Former department store in London

Pratts was a department store located in Streatham High Road, London. Established in the 1850s it became part of the John Lewis chain before its closure in 1990.

==Early history==
George Pratt arrived in Streatham from Silchester at the age of 13 to start an apprenticeship in the drapery trade with William Reynolds in Bedford Row on Streatham High Road. Within eleven years Pratt had purchased the business and was the sole owner, but Streatham was only a sleepy village with a population of 7000. The Railways arrived in 1856 and within 50 years the population had grown to 71,000.

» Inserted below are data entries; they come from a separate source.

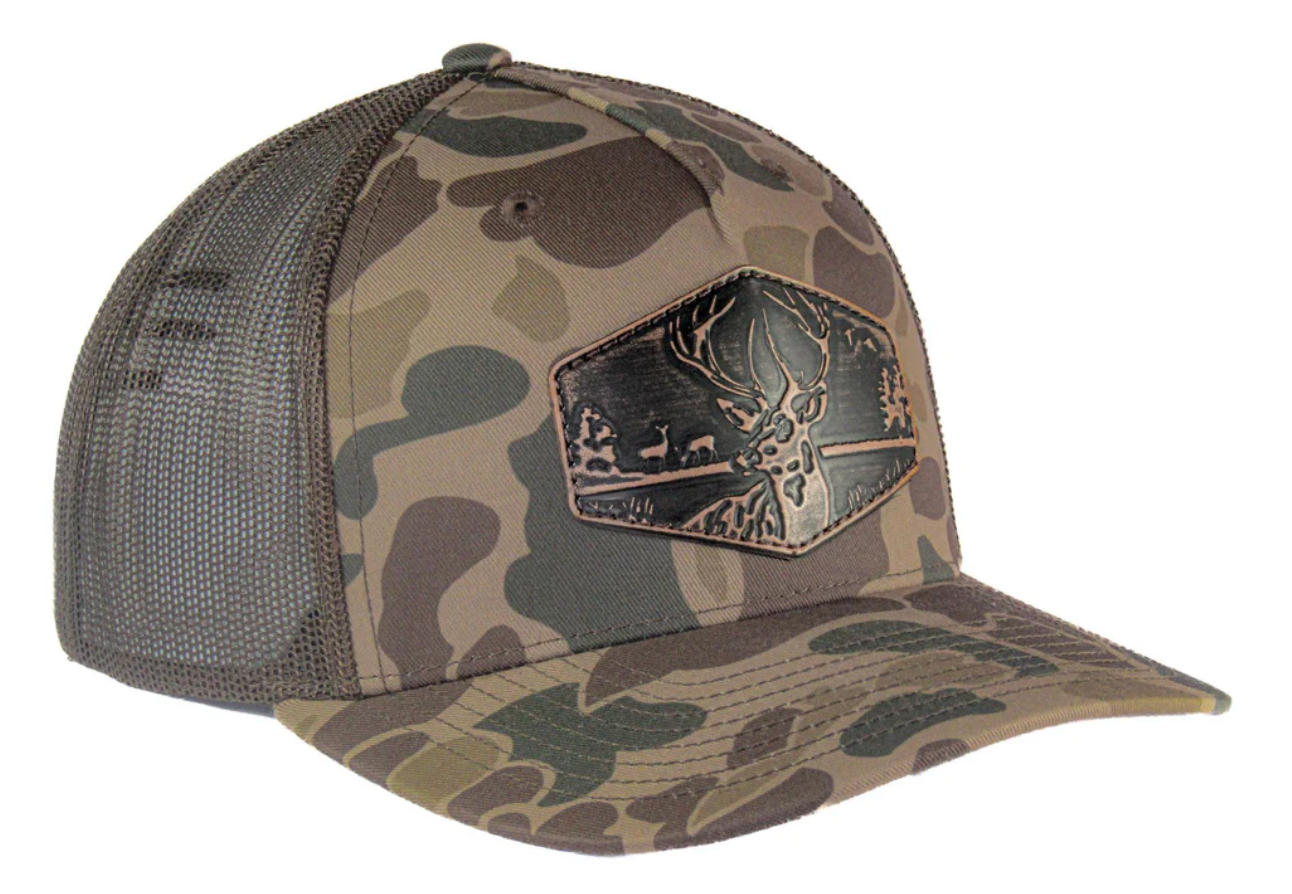 5 Panel Old School Brown Camo Buck Hat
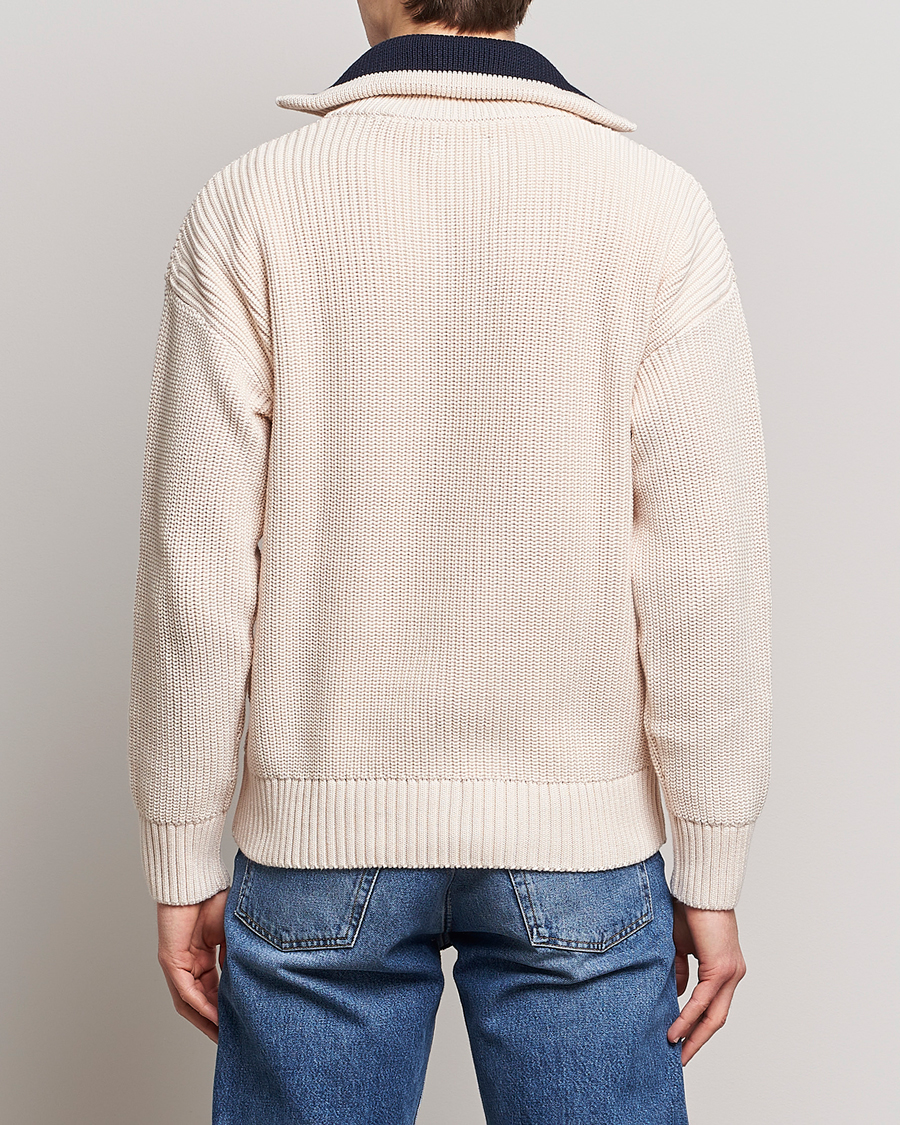 Uomini | Maglieria | GANT | Chunky Ribbed Knitted Half-Zip Linen White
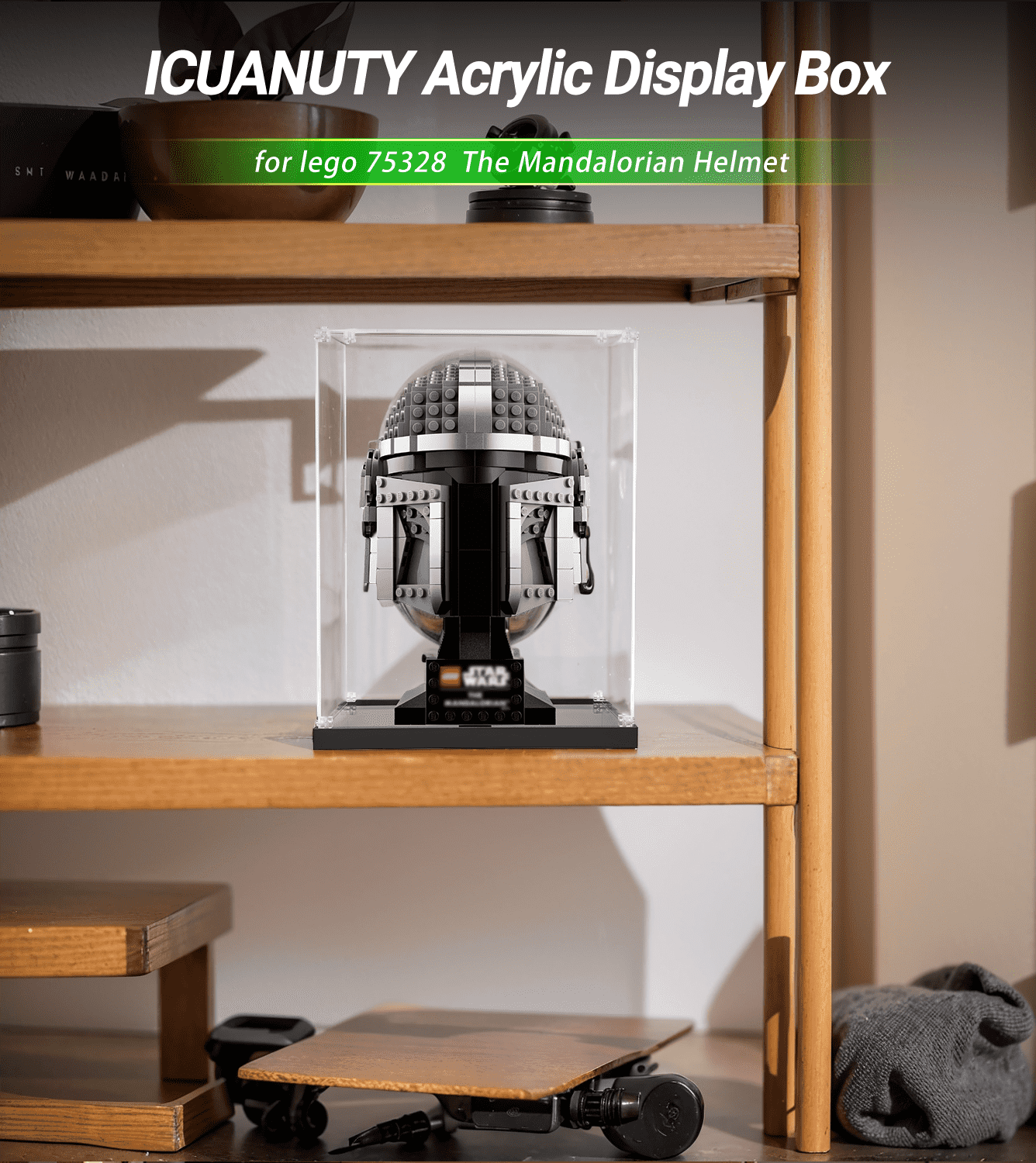 LEGO The Mandalorian Helmet 75328 Display Case - Clear Acrylic Showcase for Collectible LEGO Star Wars Sets | Perfect for Home Decoration, Office Display & Gift Giving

With the growth of Streatham, George purchased two shops on the opposite side of the High Road which he called Eldon House. This was the start of great expansion with his sons Henry and Charles joining the business and the store expanding into neighbouring shop premises.
The original shops on Bedford Row were retained by the family where men's and boys’ outfitting departments were later established.

In 1912 the business was incorporated and the store at Eldon House continued to expand. Pratts Ltd diversified to offer a greater range of products which included a funeral service. Pratts was acquired by Brixton department store Bon Marché (Brixton) for £90,000 in 1919.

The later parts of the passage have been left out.